> _TASK OBJECTIVE_
Each record below must be reproduced exactly as it reads, with its images omitted.

Dataset items:
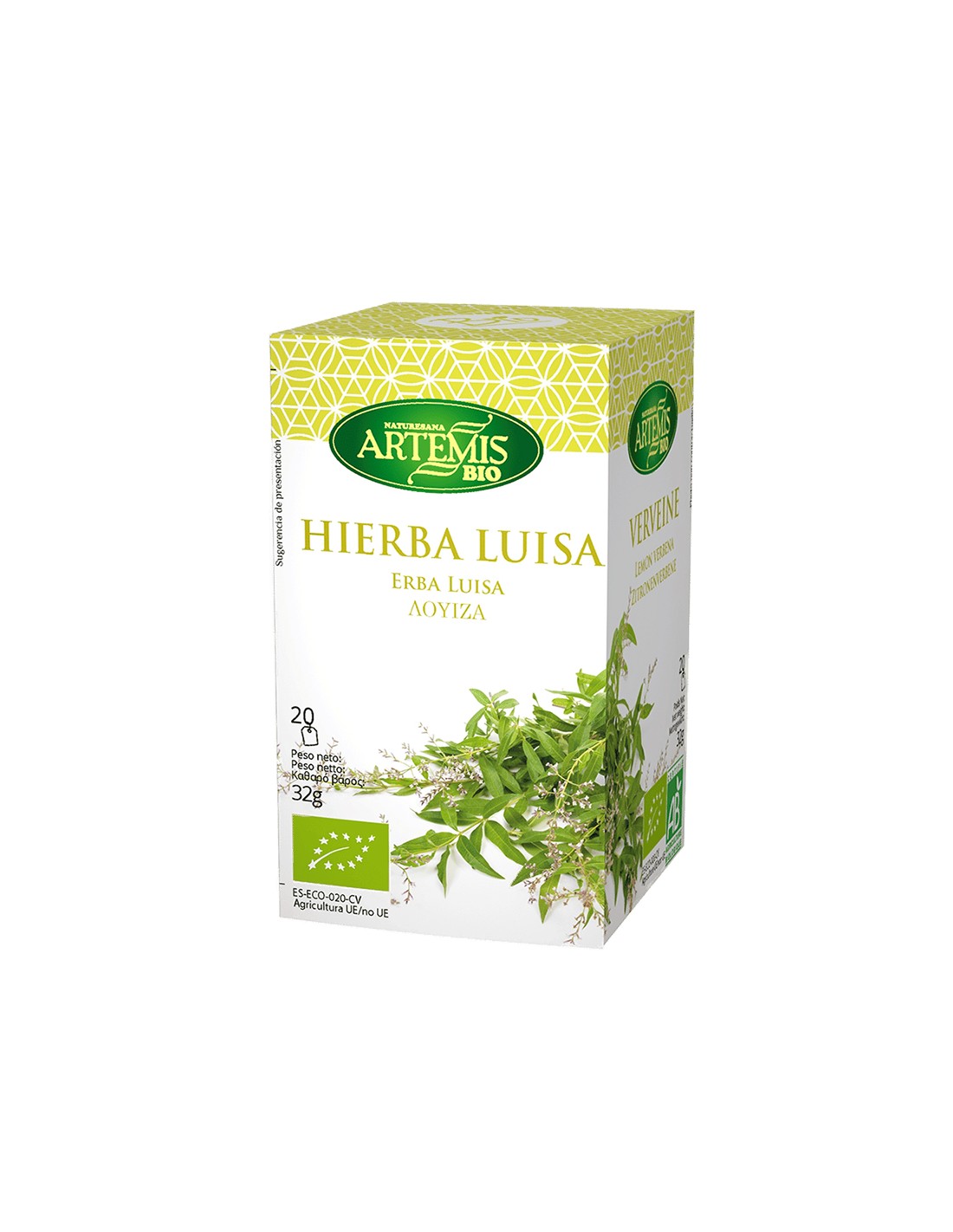 Organic lemon verbena tea, 20 filter bags - Nutra Best Europe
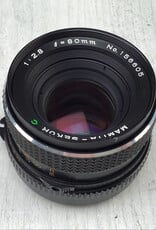 MAMIYA Mamiya Sekor C 80mm f2.8 Lens Wont Stop Down Used AS IS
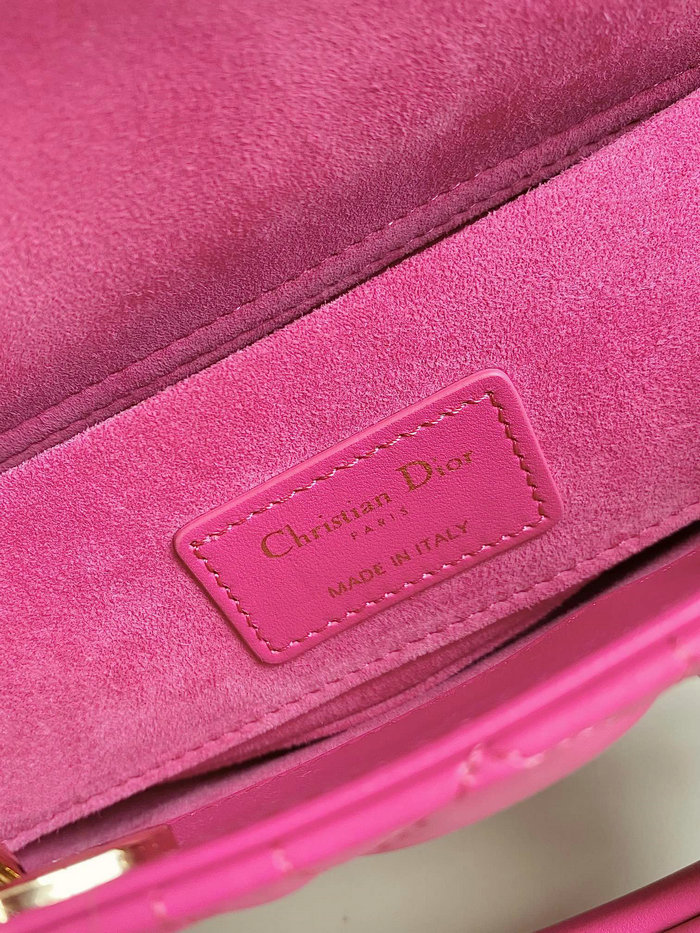 Small Dior Or Lady D-Joy Bag Pink D3380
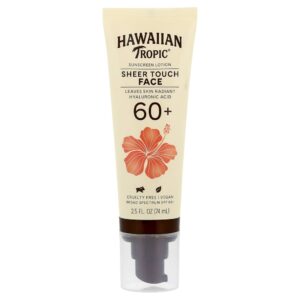 Hawaiian Tropic - Sheer Touch Loção de Protetor Solar Facial FPS 60+ 75 ml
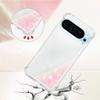 Case for Google Pixel 9/Google Pixel 9 Pro, Glitter TPU Cover Clear Flowing Quicksand with Anti-Fall Bumper Corner Shockproof Girly Case for Google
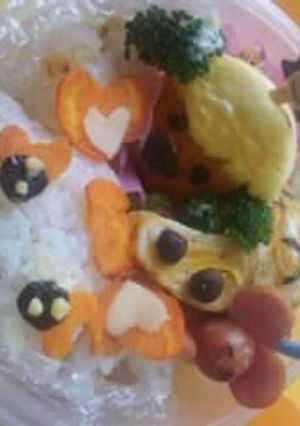 プリキュアポプリ＆動物遠足のお弁当-レシピのメイン写真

> _WRITTEN ANSWER_
 Organic lemon verbena tea, 20 filter bags - Nutra Best Europe
 MAMIYA Mamiya Sekor C 80mm f2.8 Lens Wont Stop Down Used AS IS
 Small Dior Or Lady D-Joy Bag Pink D3380
 Hawaiian Tropic - Sheer Touch Loção de Protetor Solar Facial FPS 60+ 75 ml
 Case for Google Pixel 9/Google Pixel 9 Pro, Glitter TPU Cover Clear Flowing Quicksand with Anti-Fall Bumper Corner Shockproof Girly Case for Google
 プリキュアポプリ＆動物遠足のお弁当-レシピのメイン写真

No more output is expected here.